El fallecimiento de un familiar y los
posteriores días de duelo permiten alcanzar una perspectiva que el normal
desarrollo del devenir vital, (de la vida cotidiana, vaya) impide habitualmente.
Perspectiva definida a partir de, por un
lado el dolor propio del alejamiento de un ser querido, y por otro desde la
inevitable reflexión vital a la que conduce el fin de una vida cercana.
Este ínfimo mundo, para nosotros tan vital
improbable lector, que abarca únicamente a las personas empeñadas (¿sería mejor
decir convalecientes?) en el desarrollo de la ciencia heroica y afines, es tan
escaso que, al fin y al cabo, está habitado por unas pocas almas que, antes o
después, acaban conociéndose en cualesquiera de los actos que nos convocan a
los habitantes de este efímero y superfluo entorno.
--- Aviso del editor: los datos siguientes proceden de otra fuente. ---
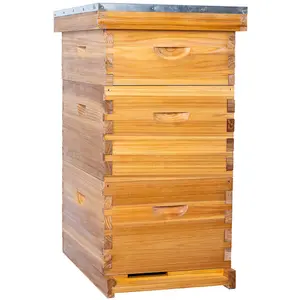 BeeCastle 10 Frame Langstroth Bee Hive Coated with Beeswax Includes Beehive Frames and Waxed Foundations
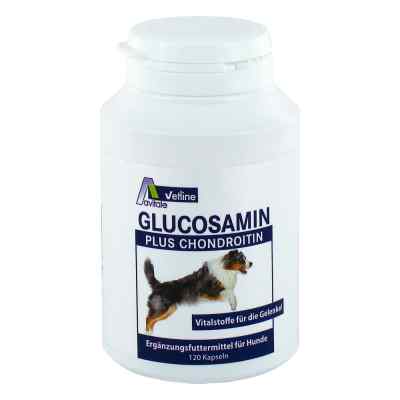 Glucosamin + Chondroitin kapsułki dla psów 120 szt. od Avitale GmbH PZN 03025791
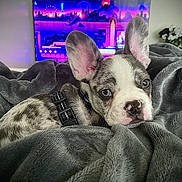 Savage joined the competition — help win amazing prizes! puppy, dog, blanket, gray, ears, snuggling, indoor, television, colorful, cityscape, soft_texture, pet, closeup, looking, cute, resting, fur, collar, home, cozy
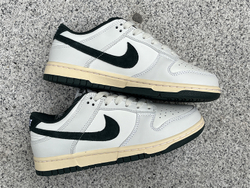 Nike Dunk Low "Athletic Department" FQ8080-133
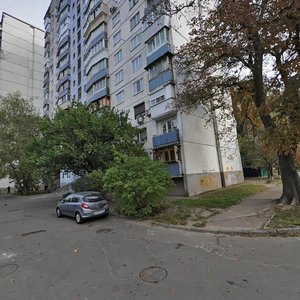 Ryzka Street, 18, Kyiv: photo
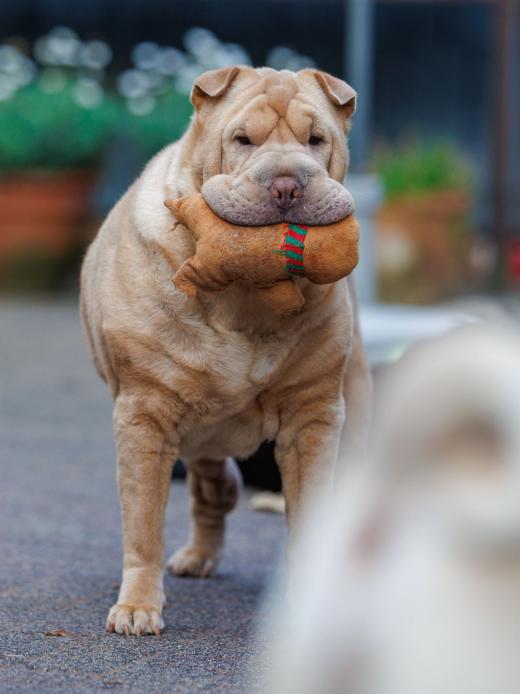 2024-08-07-19-45-44-EOS R6m2-5206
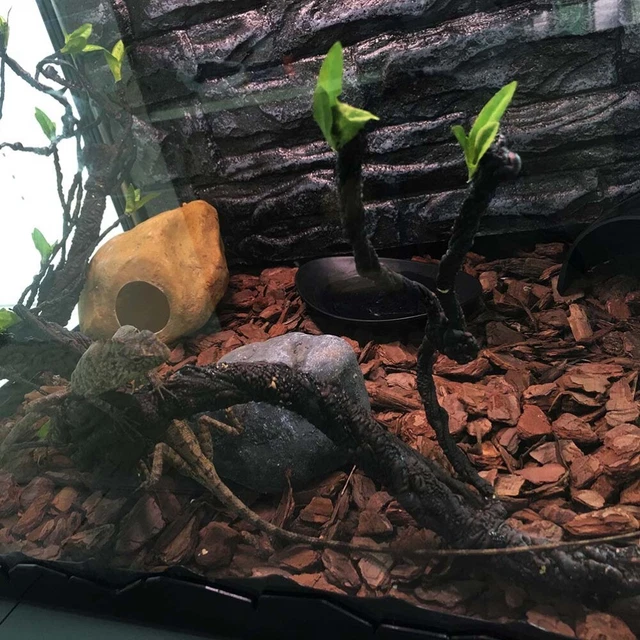 Vides de reptil hojas flexibles de reptil escalador de selva vides decoración hábitat fo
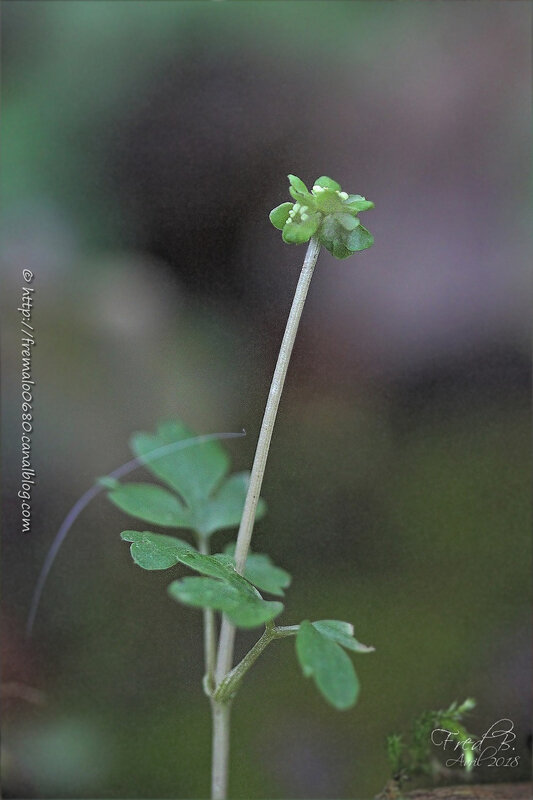 Adoxa moschatellina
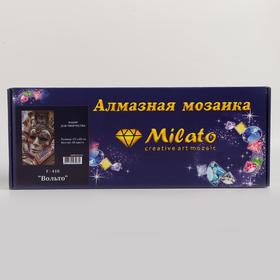 

Алмазная мозаика «Вольто» 35×60 см, 40 цветов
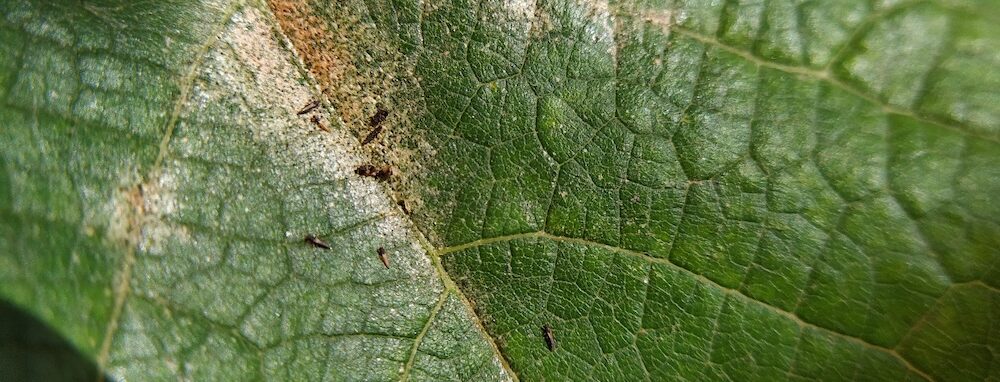 Thrips on a damaged leaf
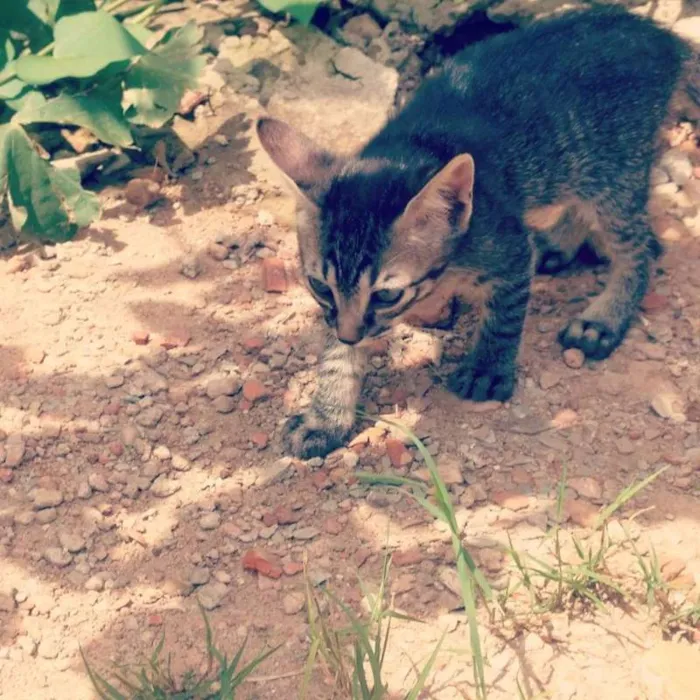 Gato ra a Não identificada idade Abaixo de 2 meses nome Filhotes para adoção
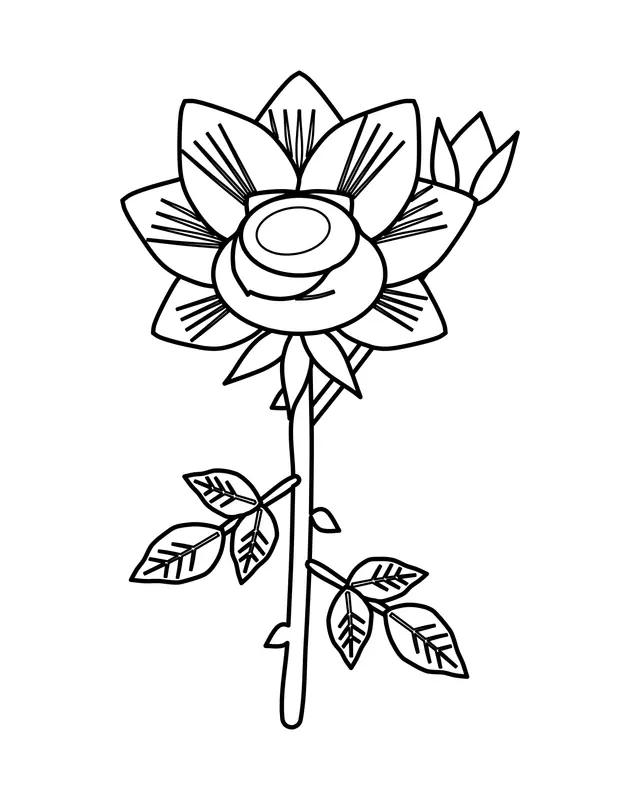 Rose coloring page with one open rose and a small bud on a stem with thorns and leaves, drawn in clean black lines.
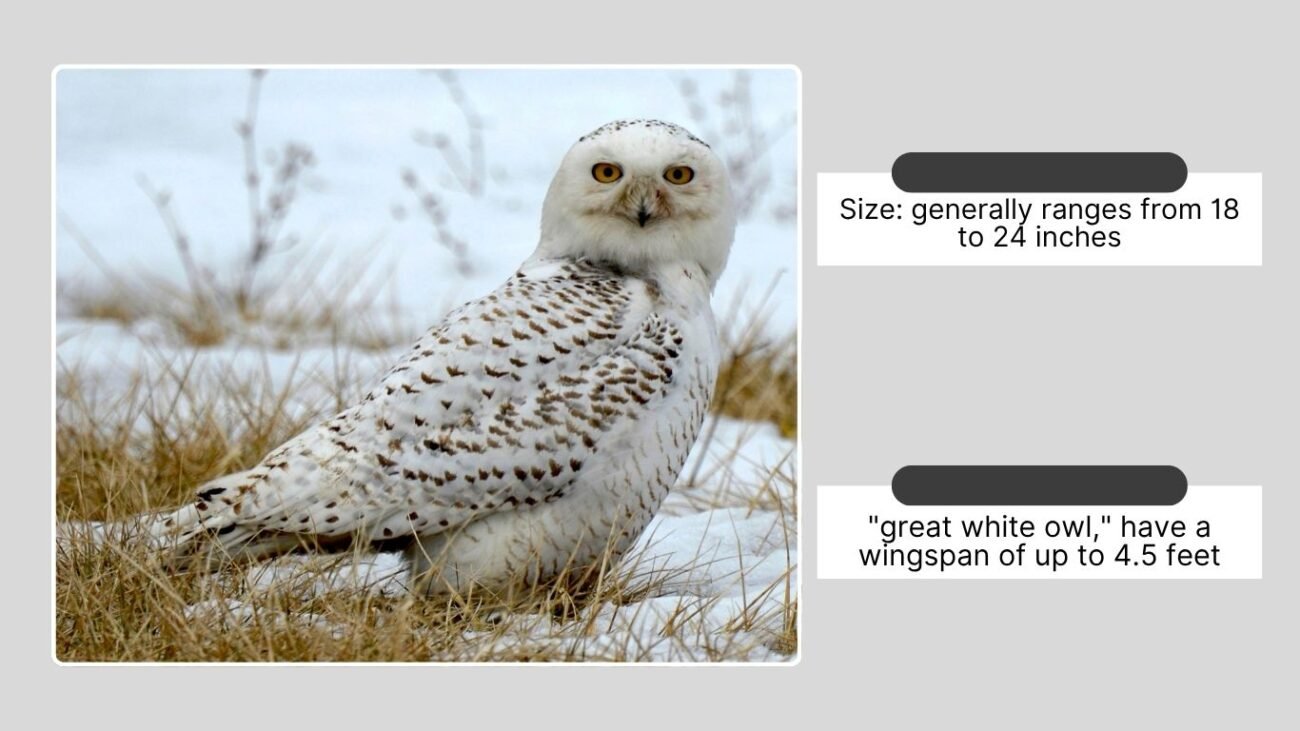 Identification of the Great White Owl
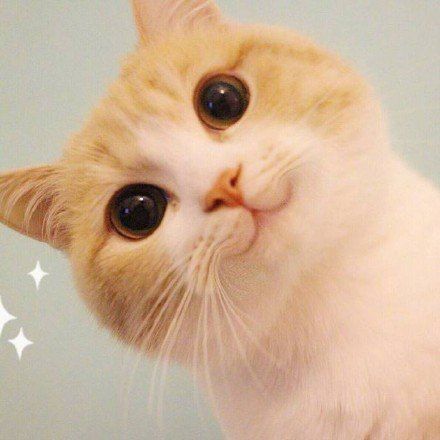娜看影视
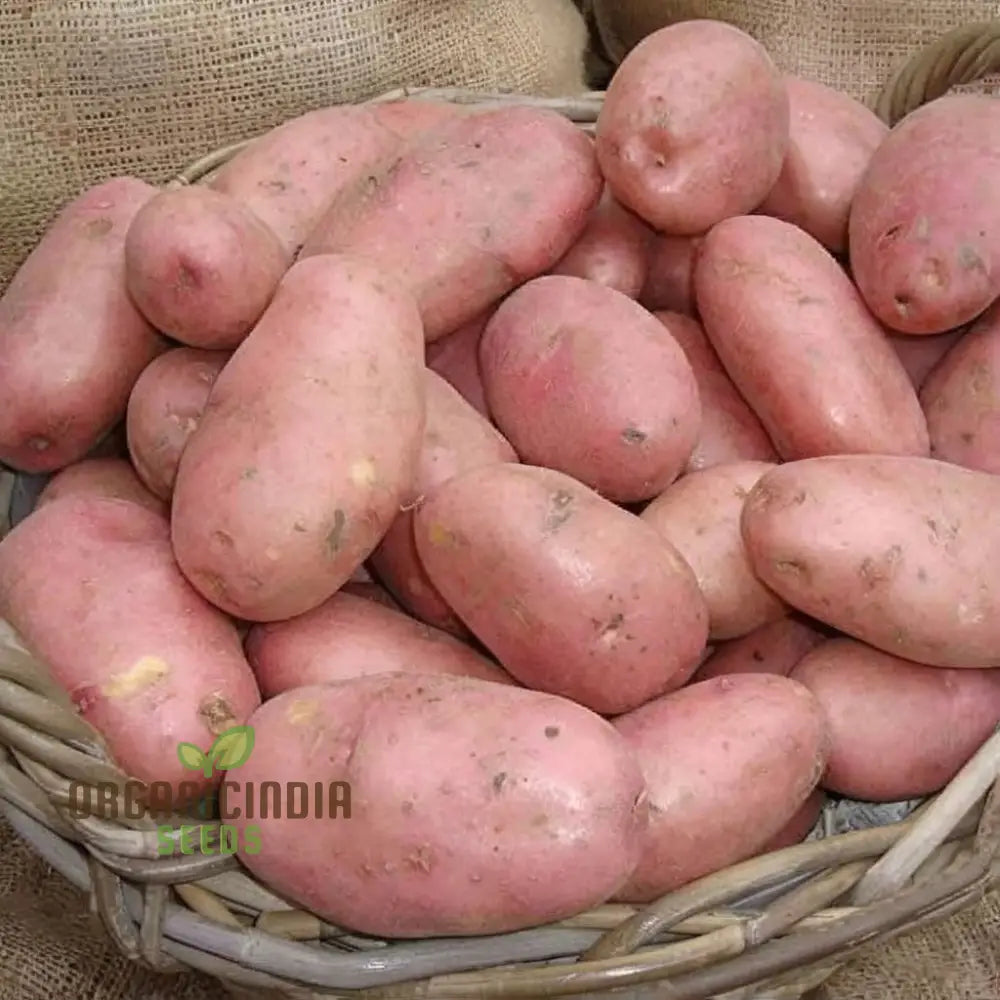 Sarpo Mira Potato Vegetable Seeds Disease-Resistant Heirloom For Home Gardening Easy To Grow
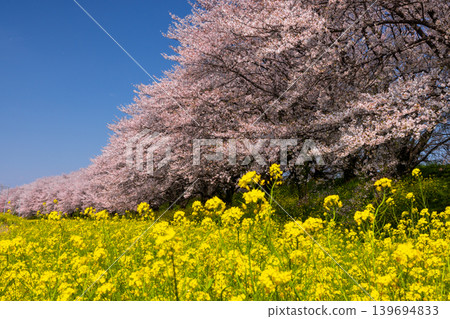 A view of the Somei Yoshino cherry tree-lined avenue and rapeseed flower fields at Yoshimi Sakura Embankment Park in Iijima Shinden, Yoshimi-machi, Hiki-gun, Saitama Prefecture, under a clear blue sky. A view of the Somei Yoshino cherry tree-lined avenue and rapeseed flower fields at Yoshimi Sakura Embankment Park in Iijima Shinden, Yoshimi-machi, Hiki-gun, Saitama Prefecture, under a clear blue sky. 139694833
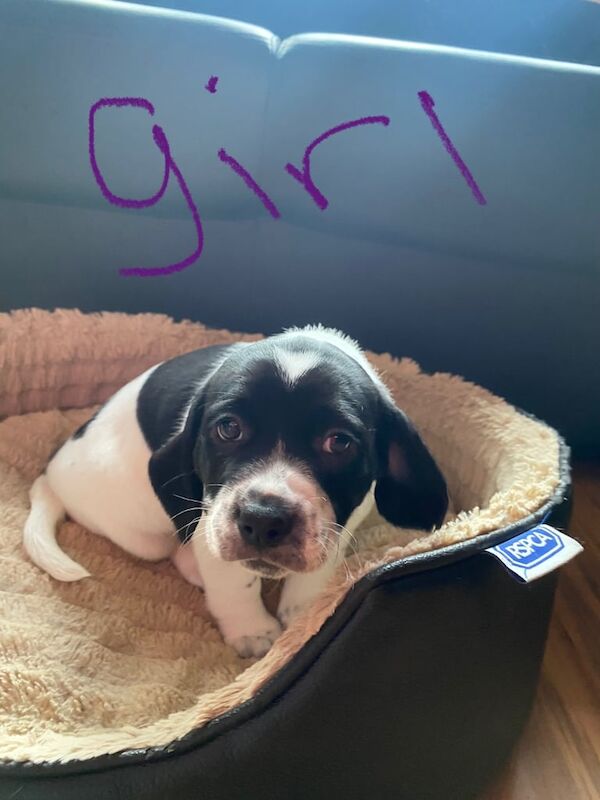 Puppies for sale in Newcastle upon Tyne, Tyne and Wear - Image 2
La posibilidad de entablar conversación
sobre temas tan específicamente extraños para el común como son la heráldica y
sus asignaturas cotangentes da lugar al establecimiento de relaciones de
amistad que se han de suponer sinceras a partir del común esparcimiento que supone
la charla sobre una afición común.
No obstante, redundando en el enfoque que
se alcanza ante una circunstancia dolorosa, el fallecimiento de mi padre me ha
permitido advertir con objetividad quiénes alcanzan la categoría de amigos y
quiénes se limitan a compartir afición.
Así, personas a las que conocía desde hace
años, con las que he tenido la suerte, no diré lo contrario, de compartir mesa y
mantel (y animada charla sobre nuestras comunes aficiones) aún, meses después,
no han encontrado el momento, no ya para acudir a cualquiera de los tres
funerales, tres, que se convocaron para rogar por el alma de mi difunto padre,
sino que no han encontrado siquiera la ocasión propicia para descolgar el teléfono y
pronunciar unas palabras de ánimo ante tan dolorosa circunstancia.